What do you enjoy that is entirely unconnected to pressure or expectation?
For me, one thing I enjoy that is entirely unconnected to pressure or expectation is hanging out with my cats. I try to learn from them and just luxuriate in resting and being together, and maybe having a little snooze.
I came home, made a hot water bottle, ate some leftover curry, and now I'm writing this, with my first-born cat, under my favourite blanket on the sofa from whence I may never arise.
I did some internesting and found a useful article that I intend to work through after I've rested and feel better. Dr. Alice Nicholls sharing ideas about how to get out of autistic burnout.
Turns out Dr. Alice created a course too, the autistic burnout recovery program. It's £500 and I imagine it's well worth it, but I’m way too overwhelmed to sign up for a course rn. Funny, that.
And it's worth remembering that yesterday I felt SO capable and inspired that I downloaded To-doist and made various projects and lists. I daydreamed about the podcast I'm planning to accompany the release of my upcoming book, Beautiful Hangover.
And only last week I wrote about how okay I am feeling these days. I felt so okay, I was concerned I didn’t have anything to write about anymore!
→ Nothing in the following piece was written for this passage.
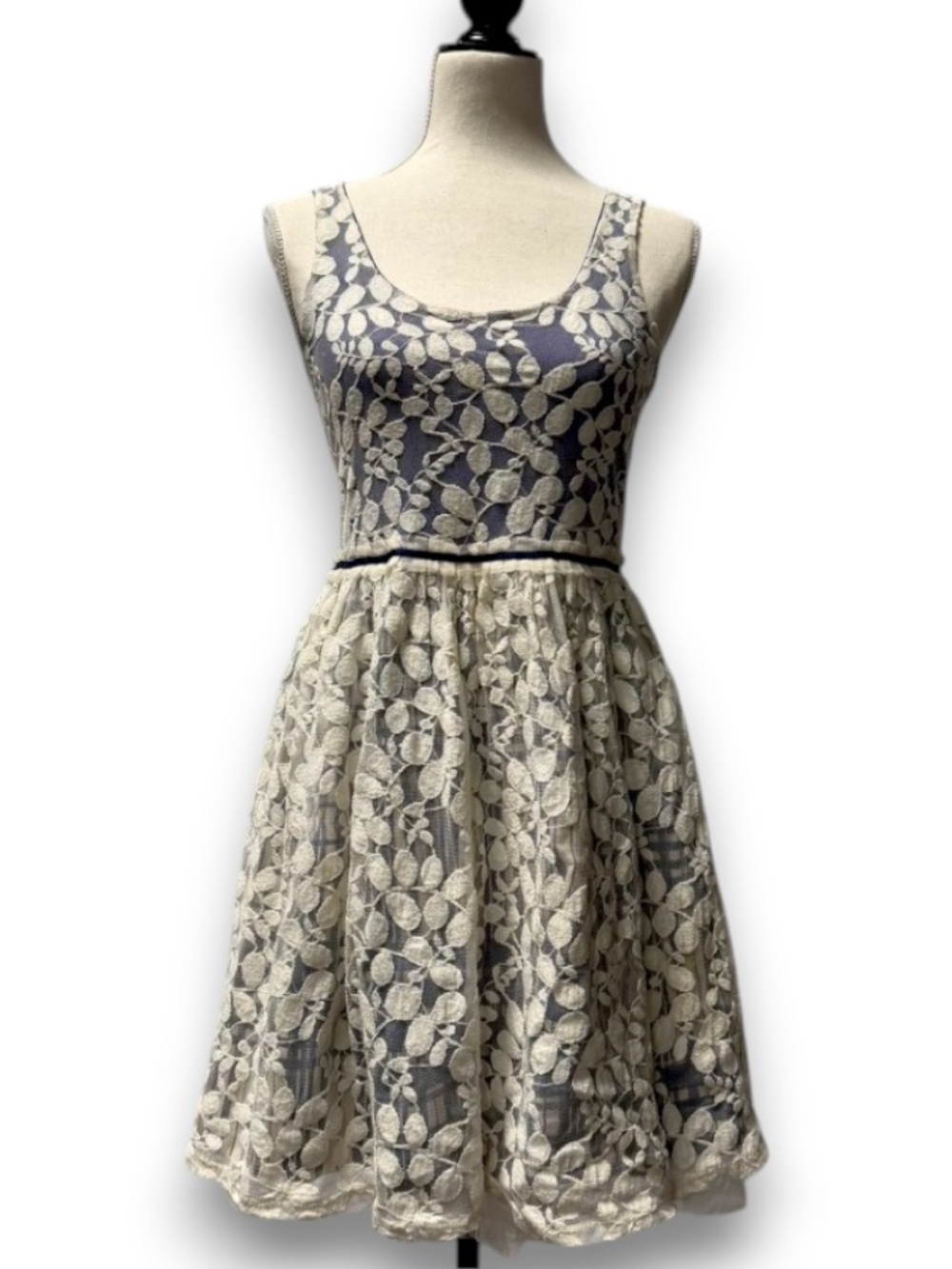Weston Wear for Anthropologie Vinca Minor Lace Dress Medium - Picture 1 of 9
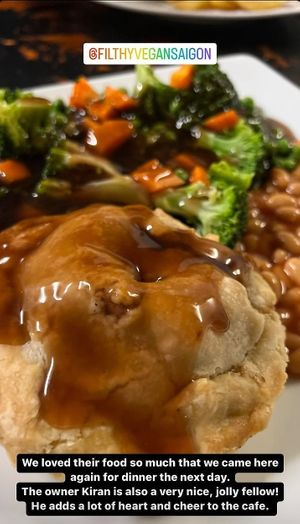 No chicken pie at Filthy Vegan in Ho Chi Minh City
All of this shows us that living well as an autistic person in a non-autistic world is an ongoing learning journey. There will be steps backward, and stagnation as well as great big lovely leaps forward.
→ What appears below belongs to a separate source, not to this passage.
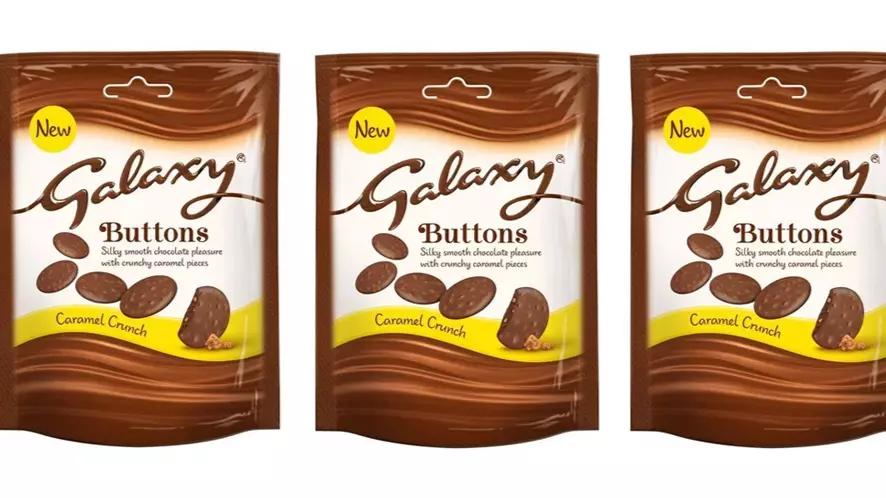 Tesco Is Selling Galaxy Caramel Chocolate Buttons And They're *So* Cheap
So, please share your tips for recovering from autistic burnout. We need all the help we can get out here. Let’s help each other.
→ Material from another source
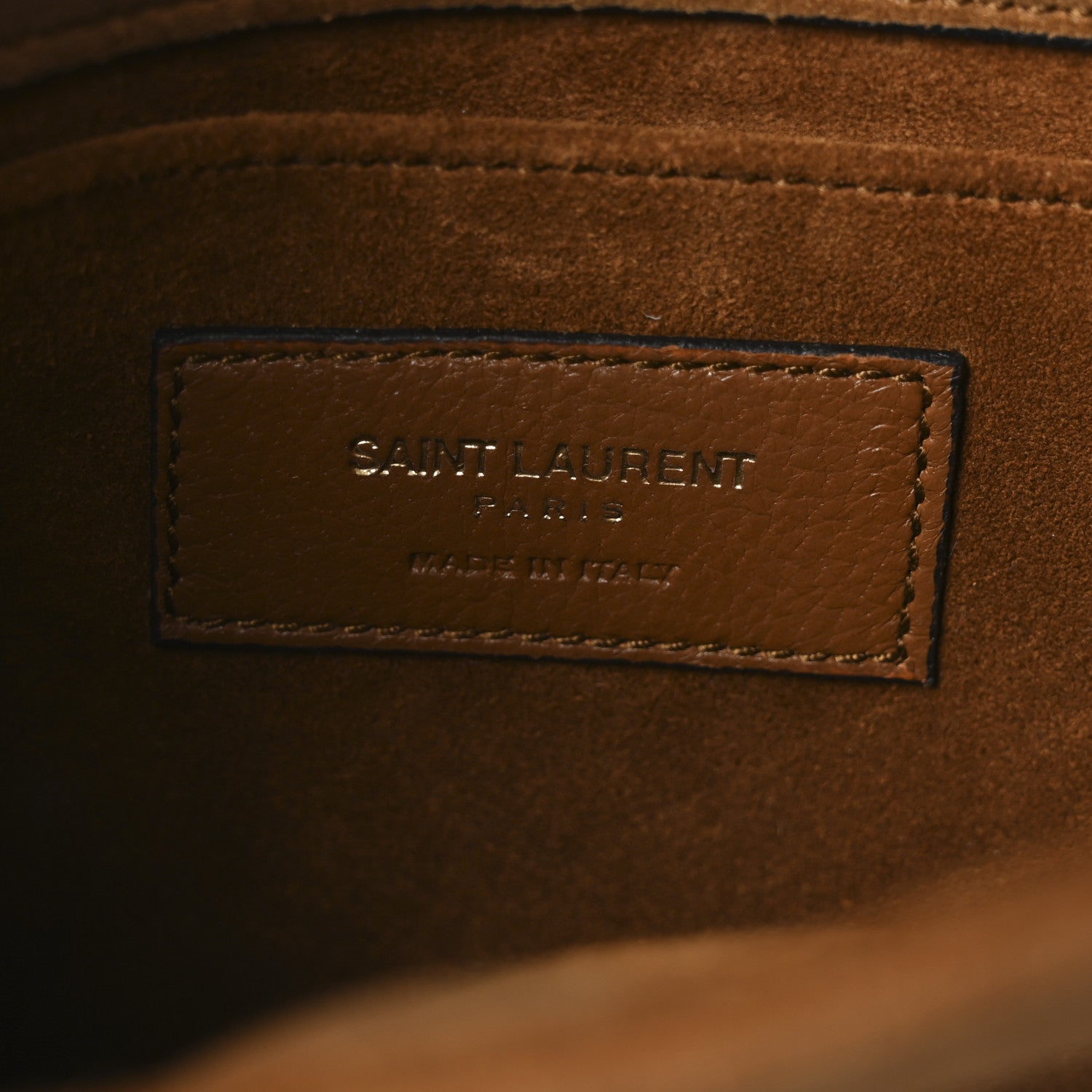 Saint Laurent Suede Y Studs Satchel Brown 6 of 10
Also, I’m curious - do you think it is possible to create a life where autistic burnout doesn't feature or is that a pipe dream? Is it really more a case of managing it when it comes?
Thanks for reading. I go now to find the cats.
If you’re struggling with alcohol, then read about how I got free at Beautiful Hangover.
If you want more on neurodiversity, then read Polite Robot.
And if you enjoy my writing and want to support my efforts then please share with your pals who might appreciate it!
Chelsey Flood is the author of award-winning novels Infinite Sky and Nightwanderers, and a senior lecturer in creative writing at UWE. She is currently working on a literary memoir about getting sober and then finding out she’s autistic and a new YA novel.
I resonate with a lot of what you write here. "I pay so much attention. I’m like a hypervigilant meerkat, repeating the dish names, and peering around for the owner with a terrified expression." <-- this is something I really get. I know the exact feeling. And I haven't had one of these group dinner moments in quite a long time (I'm hesitating on ever going to one again). I don't know if it's possible to have a life without burnout, but I think your ability to recognize it, write yourself through it, and acknowledge what you need is a powerful tool. I find that even in avoiding most of the things that cause stress (changing roles at work to something less stressful, not going to big events, taking lots of time to rest), little things still add up to the same impact. Today it's my volunteer commitments, which are modest, but which are causing me an undue amount of stress and anxiety for some reason... Thank you for sharing. It's helps us all.
I was so focused on asking for the bill the other day that once the bill had arrived and we were adding up the amounts we owed I stopped the waitress and asked her for the bill again. My brain just got fixed on that track I guess. Everyone was confused. My only current burnout cure is getting in bed and rewatching detective shows but I would like to find one that doesn't make me feel more drowsy and isolated.